プログラム紹介

講義

加藤 文元 先生 東京工業大学 理学院 数学系 教授/代数幾何学・数論幾何学

方程式の見えない対称性 --- ガロア理論への第一歩

現代数学への入り口はたくさんありますが、その重要な一つがガロア理論です。方程式の解となる無理数を書くためには、どのくらい難しい操作が必要か。例えば、2次方程式の解のように、べき根を使って書ける数はどんな数なのか。そもそもべき根を使って書けない場合なんてあるのだろうか。ガロア理論はこのような問題に対して鮮やかな解答を与えます。そしてこのような代数方程式特有の問題のみならず、現在数学の隅々に至る問題の背景に、ガロア理論は重要な示唆を与えます。現代数学の大部分は「ガロア理論的」考え方でできていると言っても過言ではありません。しかし、ガロア理論はとても難しく、なかなか奥深い理論です。これを短時間で完全に理解することは容易ではありませんし、とても難しいでしょう。ですが、これがどのような理論なのかということについて初等的なアプローチをすることはできると思います。ガロア理論は何を目指す理論なのか。そしてガロア理論は代数方程式の解に対して、どのような視点を採用するのか。その視点からどのような数学の視座が生まれるのか。このような概観的アプローチを通して、ガロア理論の基本的内容に、そしてそれが探求する方程式の秘密に接近していくことを目標とします。

清 史弘 先生 数学教育研究所代表取締役

活きる数学 ー未来の選択のためにー

数学はいろいろな興味あるいは目的が動機で探究され続けています。今回は「結果が興味深い」かつ先々の行動計画を立てる上で「役に立つ」という視点から「期待値」を中心にその理論と実生活への応用を講義します。期待値を理解するための道具を理解してもらい, あまり知られていない有用な結果を提示します。期待値以外の話題にも触れながら, 参加者の今後の学習および研究姿勢にも役立つように進めたいと考え ています。

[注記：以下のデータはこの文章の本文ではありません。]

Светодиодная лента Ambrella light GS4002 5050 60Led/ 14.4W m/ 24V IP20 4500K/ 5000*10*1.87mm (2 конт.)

予備知識としては, 高校数学の数学Aの「場合の数と確率」および数学Bの「数列」の和の知識を必要とします。

渕野 昌 先生 神戸大学大学院システム情報学研究科情報科学専攻 教授/数理論理学・集合論

『「ほとんどすべて」は <<ほとんどすべて>> か?』

この講演では,積分論的に無視できる実数の集合と考えられるゼロ集合 (null-sets) と,位相空間論的に無視できる実数の集合であると考えられる痩集合 (meager sets) の概念を導入して,それらの基本的な性質を証明します.あるゼロ集合の実数の全体での補集合と,ある痩集合の実数の全体での補集合は,それぞれ,積分論的または位相空間論的に「ほとんどすべて」の実数と解釈できるわけですが,これらは全く異なる概念です:実際,実数の全体は,あるゼロ集合と痩集合の和集合としてあらわせることが知られているのですが,このことは,実数の全体がこれらの二つの異なる意味の「ほとんどすべて」の集合に分割できることを意味してもいます.この分割定理は,講演で証明しようと思っている最終目標の一つでもあります.最後に,ゼロ集合と痩集合に関連する最近の結果についても少し触れる予定です.

講義体験企画

講義体験企画では参加者皆さんがそれぞれ希望した分野について5グループに別れてもらいます。各グループでは班長さんの講義を9~10時間ほど受けてもらい、3日目には各グループが学んだことについて他のグループに対して発表してもらいます。

スタッフ企画

セミナースタッフによる独自企画です。いくつかのグループに分かれてもらい、そのグループで勝敗を競います。男女、学年、勉強のでき、そんなものは関係ありません。グループでの新しい発想を求めます!みなさんが頭を使って、楽しめて、最後に納得できるものを、現在スタッフで練り上げているところです。乞うご期待!!

夜ゼミ

夕食後に「夜ゼミ」という形で自由に交流する時間が設けられます。講師の先生方や大学生・大学院生を囲んで様々な議論をしたり、高校生同士がお互いに教えあったりできる場です。

参加者発表

参加者のなかで希望した数名が興味のあるテーマについて発表します。ひとりあたり、だいたい5~10 分の時間をとる予定です。テーマは数理科学に関することでも、まったく関係のない趣味に関してでもなんでもOK です。とてもよい機会となりますので、皆さんもぜひセミナーで参加者発表をしてみませんか?